● **Directions for this task**
Find the line containing "2025년 9월 부터 바뀌는 복지제도 5가지! 미리 확인하세요". Retype it and every later line of the records exactly, leaving out pictures.

****

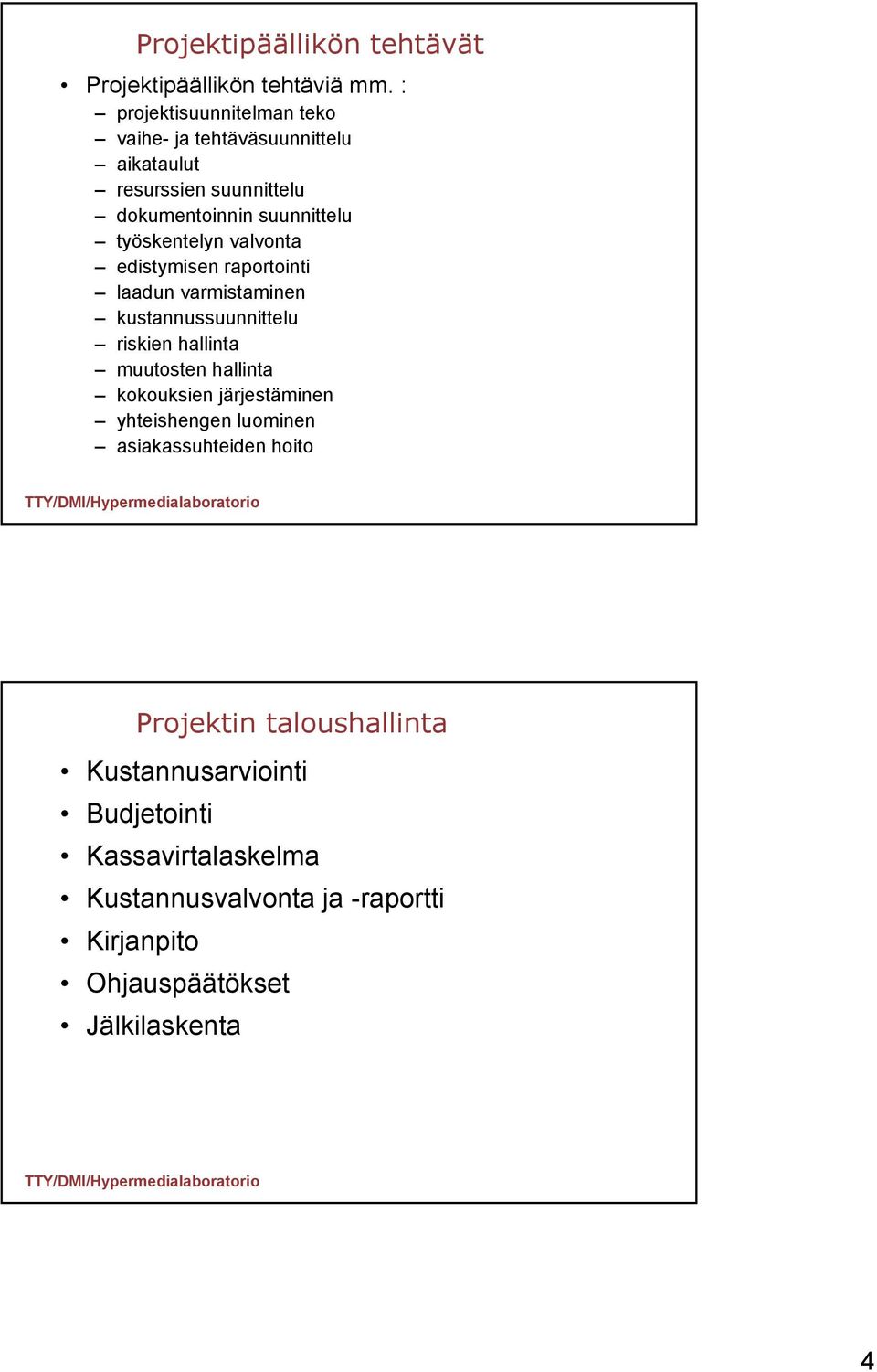 työskentelyn valvonta edistymisen raportointi laadun varmistaminen kustannussuunnittelu riskien hallinta muutosten hallinta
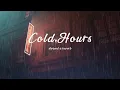 Cold Hours | Slowed X Reverb | Aleemrk | Umair | Full Music Video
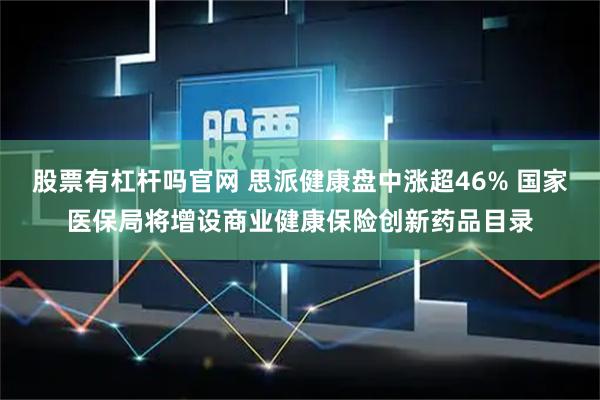 股票有杠杆吗官网 思派健康盘中涨超46% 国家医保局将增设商业健康保险创新药品目录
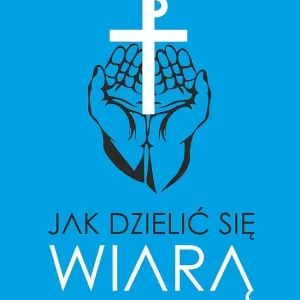 Jak dzielić się wiarą Apologetyka w świetle Krzyża
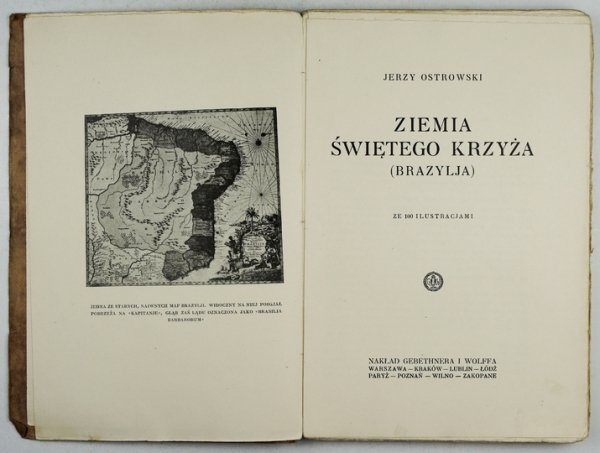 OSTROWSKI Jerzy - Ziemia świętego krzyża (Brazylja). Ze 100 ilustr.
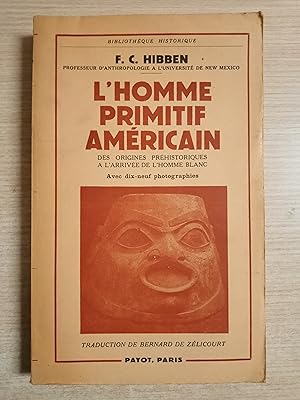 Imagen del vendedor de L HOMME PRIMITIF AMERICAIN des origines prehistoriques a l arrivee de l homme blanc, avec dix-neuf photographies a la venta por Gibbon Libreria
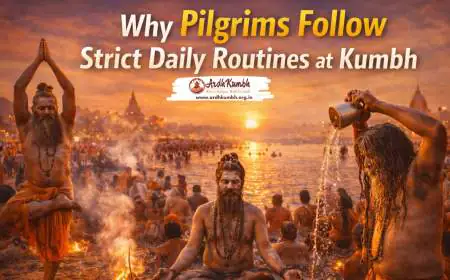 Why Pilgrims Follow Strict Daily Routines at Kumbh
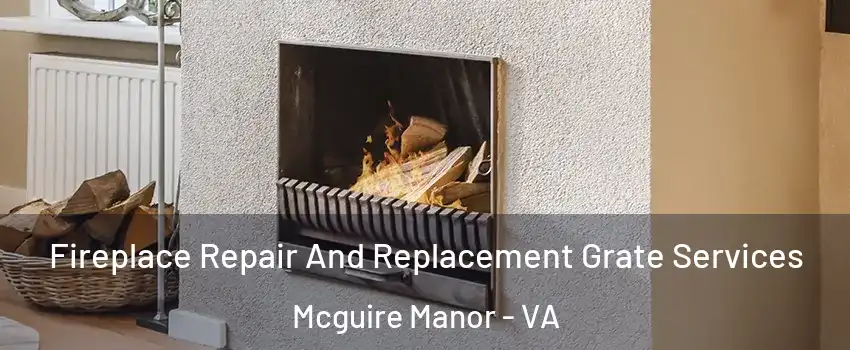 Fireplace Repair And Replacement Grate Services Mcguire Manor - VA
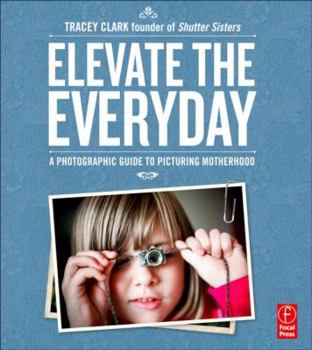 Paperback Elevate the Everyday: A Photographic Guide to Picturing Motherhood Book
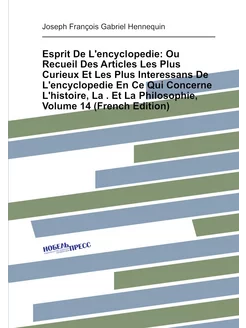 Esprit De L'encyclopedie Ou Recueil Des Articles Le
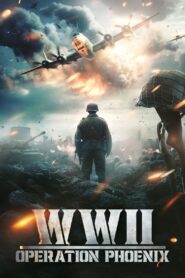 WWII: Operation Phoenix 2024 one on netflix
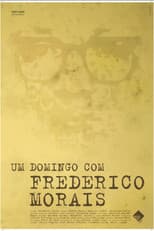 Poster for Um Domingo com Frederico Morais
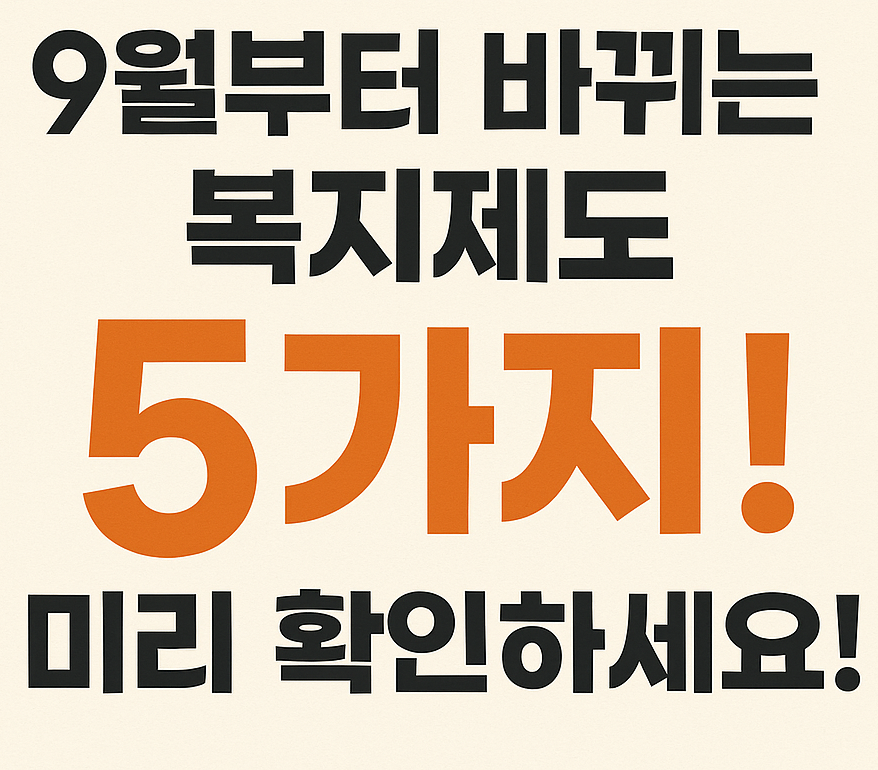 2025년 9월 부터 바뀌는 복지제도 5가지! 미리 확인하세요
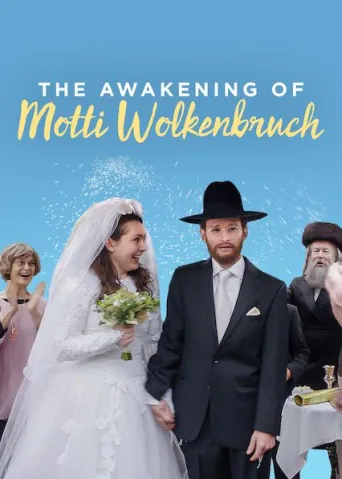 The Awakening of Motti Wolkenbruch (2018)
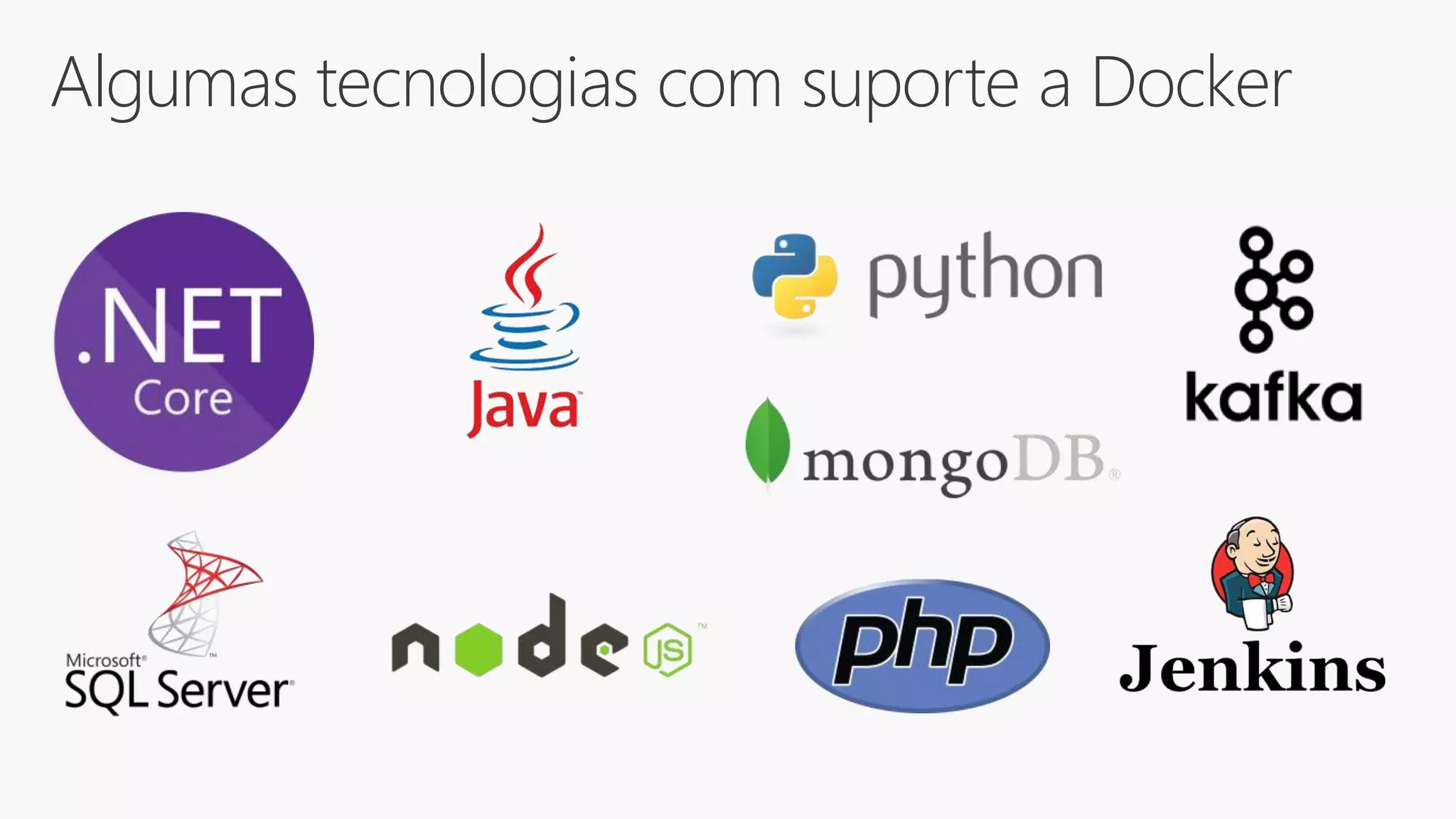 Algumas tecnologias com suporte a Docker
 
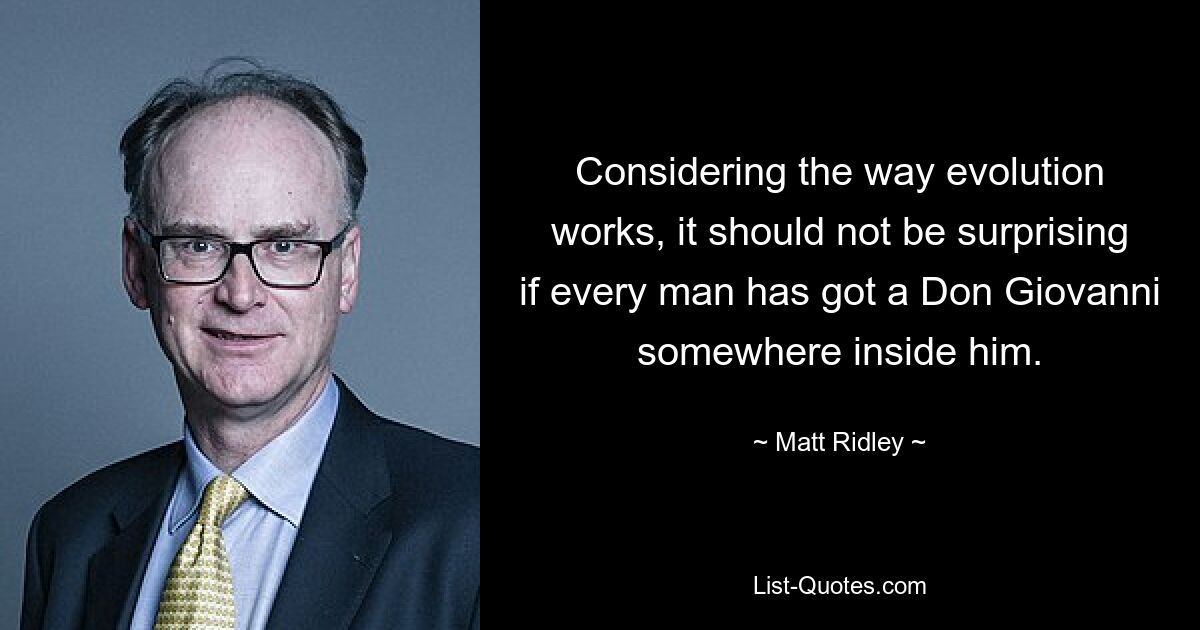 Considering the way evolution works, it should not be surprising if every man has got a Don Giovanni somewhere inside him. — © Matt Ridley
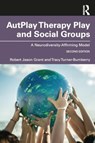 AutPlay® Therapy Play and Social Groups - Robert Jason Grant ; Tracy Turner-Bumberry - 9781032739144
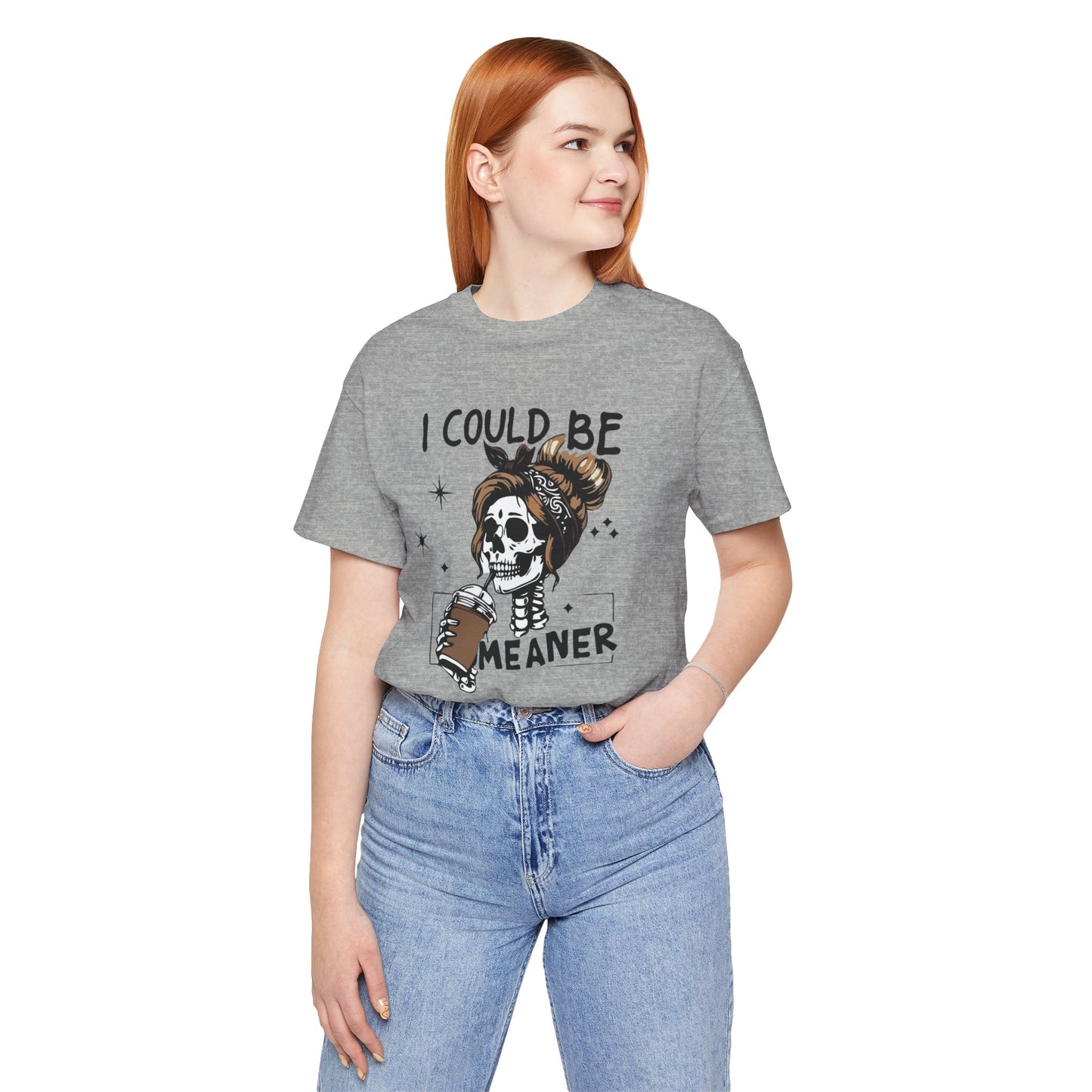 I Could Be Meaner skeleton with coffee T-Shirt | Skull woman graphic tee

****

● **Exercise output**
 2025년 9월 부터 바뀌는 복지제도 5가지! 미리 확인하세요
 The Awakening of Motti Wolkenbruch (2018)
 Algumas tecnologias com suporte a Docker
 
 Considering the way evolution works, it should not be surprising if every man has got a Don Giovanni somewhere inside him. — © Matt Ridley
 AutPlay® Therapy Play and Social Groups - Robert Jason Grant ; Tracy Turner-Bumberry - 9781032739144
 I Could Be Meaner skeleton with coffee T-Shirt | Skull woman graphic tee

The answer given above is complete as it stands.